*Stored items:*

--- START ---

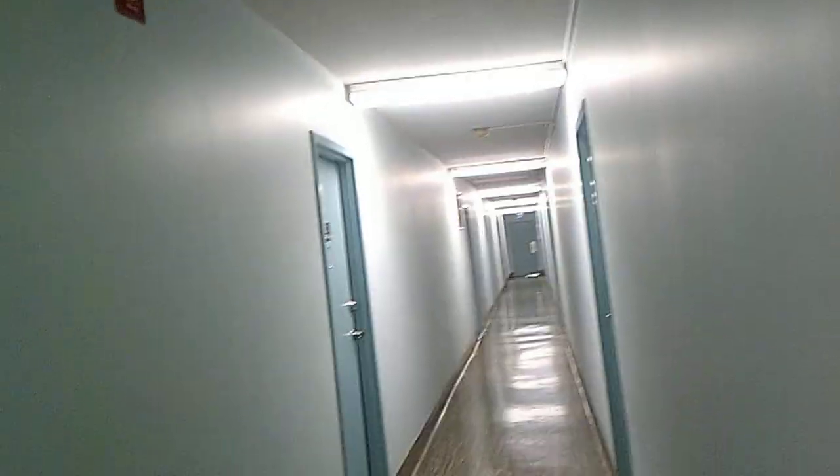That looked pretty good — pretty close to normal light mode for a camera. Let's see what the hallway light looks like in the hallways too now. Whoa, much better. Let's take a walk down here now.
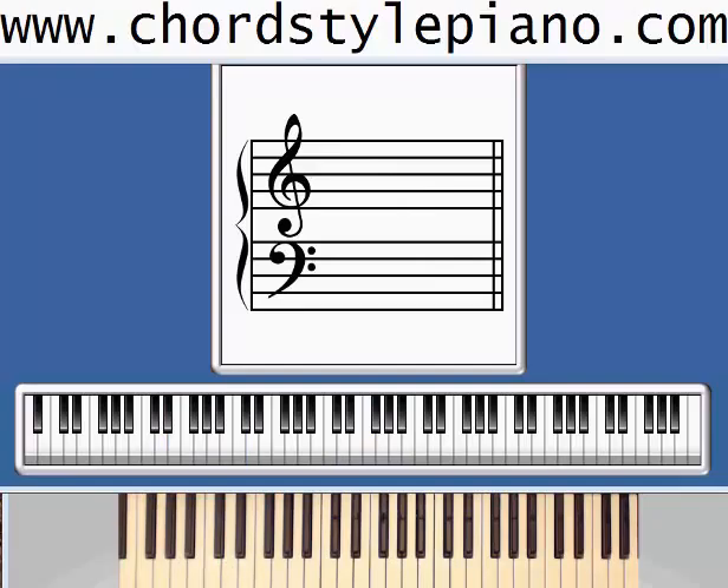Welcome to the ChordStylePiano.com video series, Learn Piano For Free. My name is Jerry Baird, and today we're going to be learning the song O Christmas Tree. Let's take a look at the music.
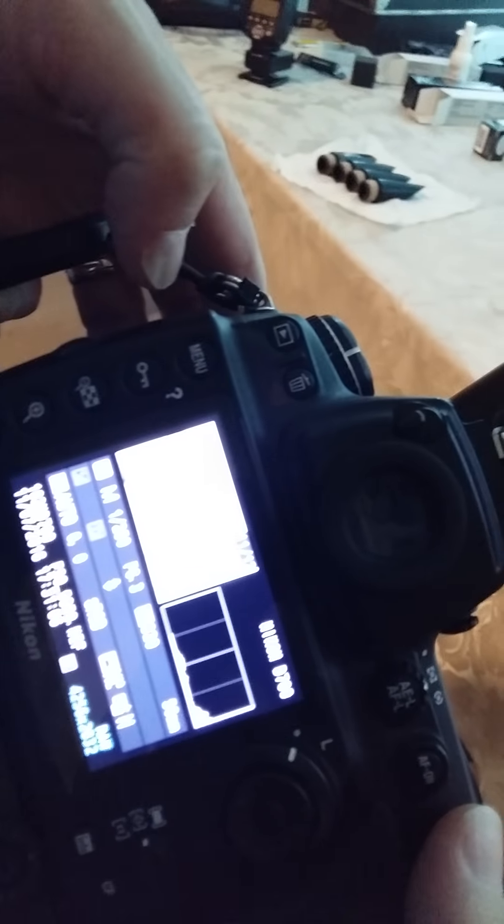We're in TTL mode. The trigger is on, it's on group B. I'll turn off group A so we know there's only group B showing at 1/32nd power. The flash went off, but the resulting picture is dark — there was nothing there.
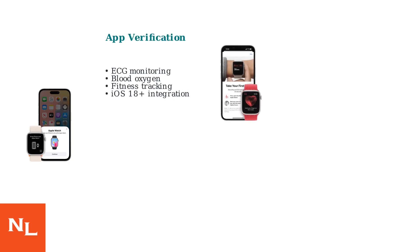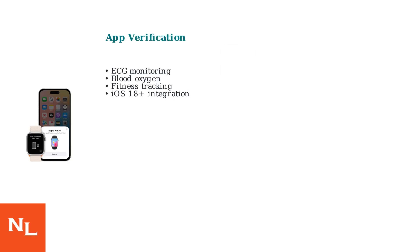Beyond serial and model numbers, use the Apple Watch app on your iPhone to pair and test the watch. A real Ultra 3 will support full functionality like ECG, blood oxygen monitoring, and advanced fitness tracking, seamlessly integrating with iOS 18 or later.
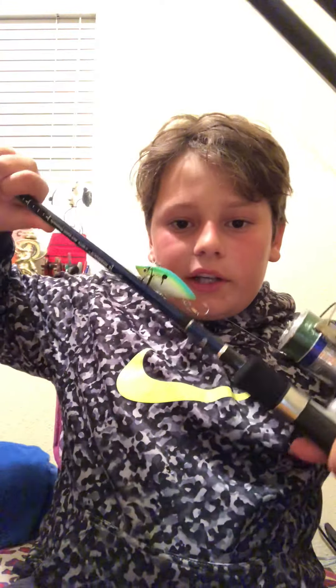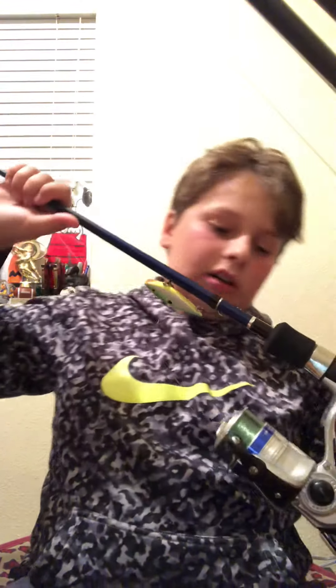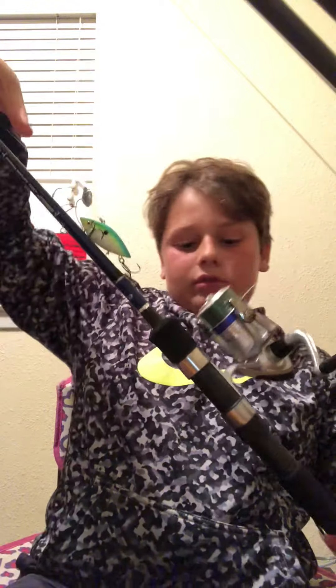The last one is the Daiwa D-Force Rod Combo. It has 2 ball bearings and a 6.4 to 1 gear ratio. I usually use it for rattle traps, and it's a combo.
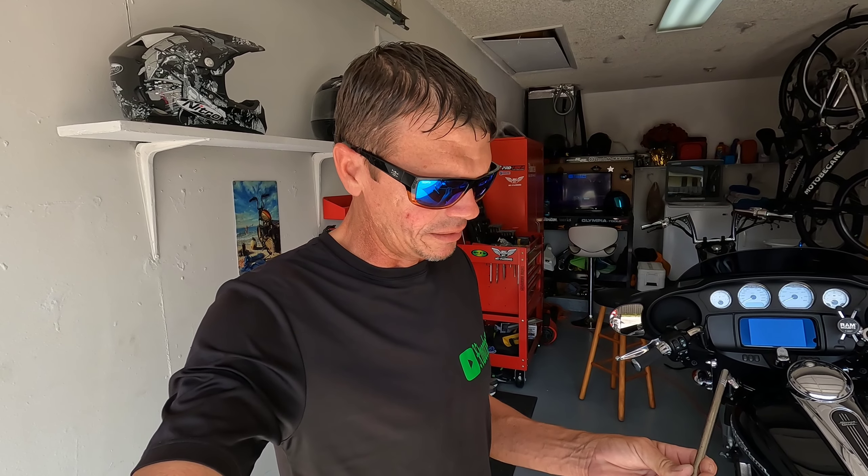What's up my dudes — I'm in the garage just hanging out and I figured I'd make a quick video and show you guys a quick tip on how not to get stranded on your Harley.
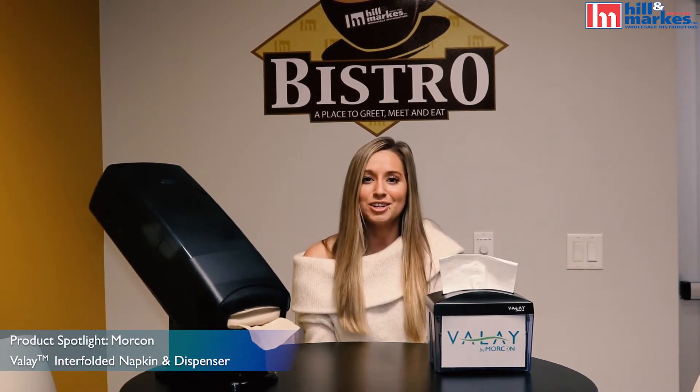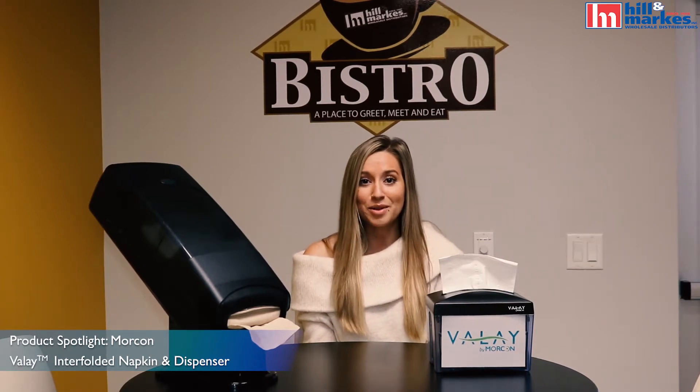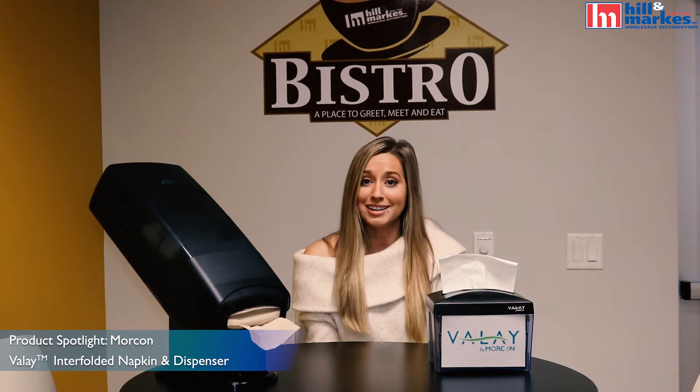Summer is right around the corner, and that means ice cream season. Who else loves to cool off on a hot, sunny day with one of life's sweetest treats? I mean, what's not to love? The only thing is, ice cream can be messy. Whether you serve or eat your ice cream in a dish or a cone, a napkin is a necessity. So say farewell to sticky fingers, because Lorcon's Ballet Nap is coming to the rescue, and we have the scoop.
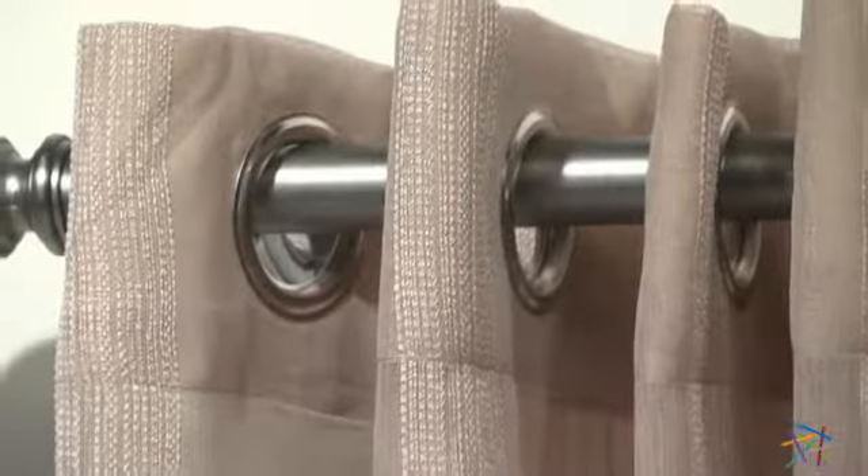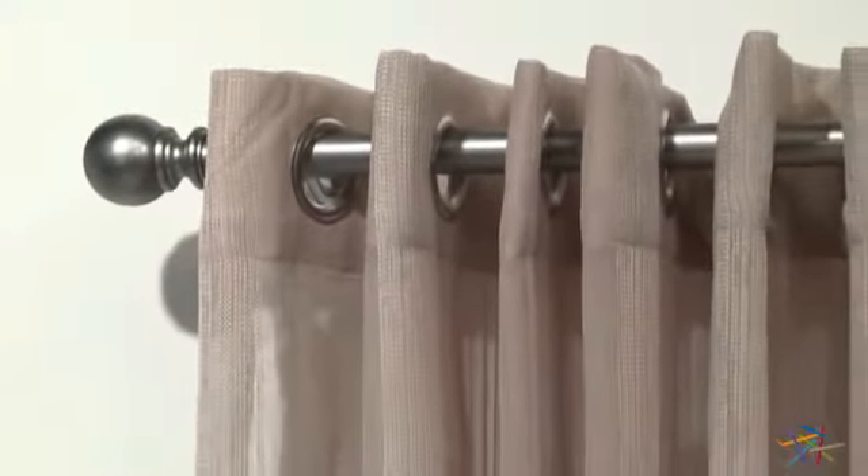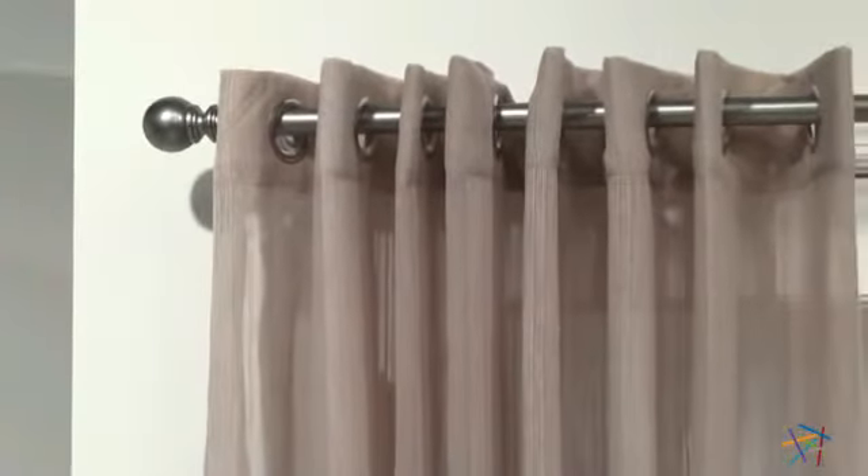The quality of this panel is accentuated by the rod pocket detail, the durable grommet top, and the top-notch stitching to create a curtain that's designed to ensure years of use.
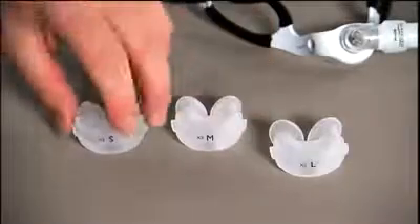To determine which size will be best for you, hold the pillow's cushions up to your nose. Select the one that fills your nostrils comfortably without any gaps between the pillow's cushion and the walls of your nostrils. The bottom rim of the pillow's cushion should not go into the nostril. This patient is a small.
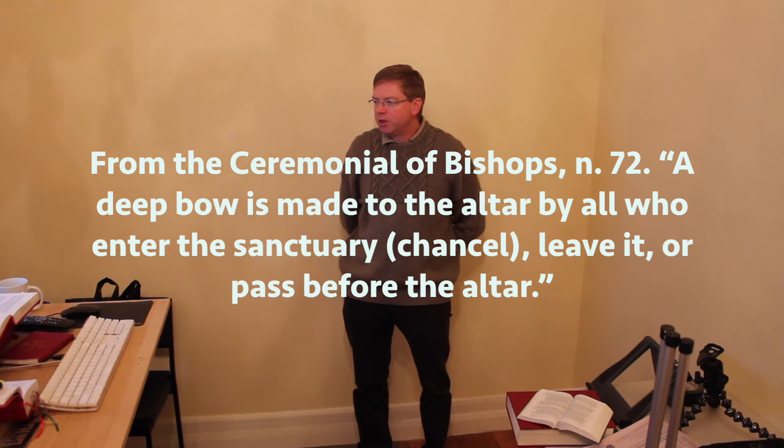From the Ceremonial of Bishops, number 72, quote: "A deep bow is made to the altar by all who enter the sanctuary [chancel], leave it, or pass before the altar."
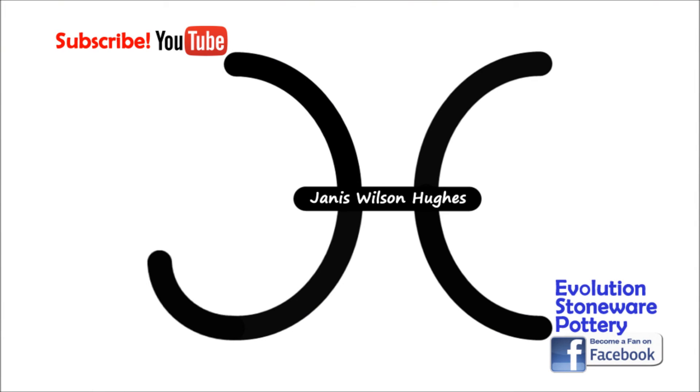If you're into ceramics, please check out my DVDs and instant video downloads available on Amazon — just search my name Janice Wilson-Hughes and they'll pop right up. I think you'll really get a lot out of them. I'd love to be friends with you on Facebook; head over to my page, Evolution Stoneware. If you'd like to know when I upload new YouTube videos, just subscribe to my channel and you'll get a notification. If you appreciate these free videos, please consider making a small donation to my channel — I would really honestly appreciate it. Thanks, I hope you guys have a great day and I'll see you later. Bye.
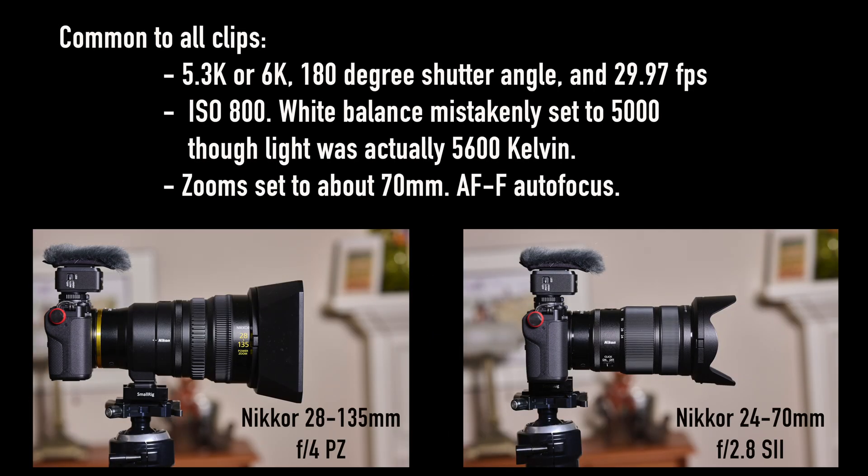I used two internal zoom lenses that I thought might be useful for run and gun video that should work well in a gimbal, especially the 28-135mm f4 power zoom lens with the tripod foot on the lens. I note that, as of now, the ZR zoom toggle on the top right of the camera does not control the PZ lens power zoom, though I understand that should be corrected before too long with a ZR firmware update. Same for the ML-L7 remote that will release the ZR shutter and start recording, but does not yet operate the power zoom lens.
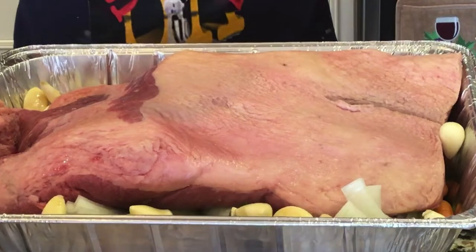Hi everybody, thank you for coming into my kitchen. This is Stephanie. Happy Easter! It's Easter Sunday and I'm making a brisket. I just wanted to show you guys how I make a brisket.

--- END ---

*What to work on:*
Print exactly the lines running from the start of the entries above to the line with "We're in TTL", both included; leave out any pictures.

*Written solution:*
That looked pretty good — pretty close to normal light mode for a camera. Let's see what the hallway light looks like in the hallways too now. Whoa, much better. Let's take a walk down here now.
Welcome to the ChordStylePiano.com video series, Learn Piano For Free. My name is Jerry Baird, and today we're going to be learning the song O Christmas Tree. Let's take a look at the music.
We're in TTL mode. The trigger is on, it's on group B. I'll turn off group A so we know there's only group B showing at 1/32nd power. The flash went off, but the resulting picture is dark — there was nothing there.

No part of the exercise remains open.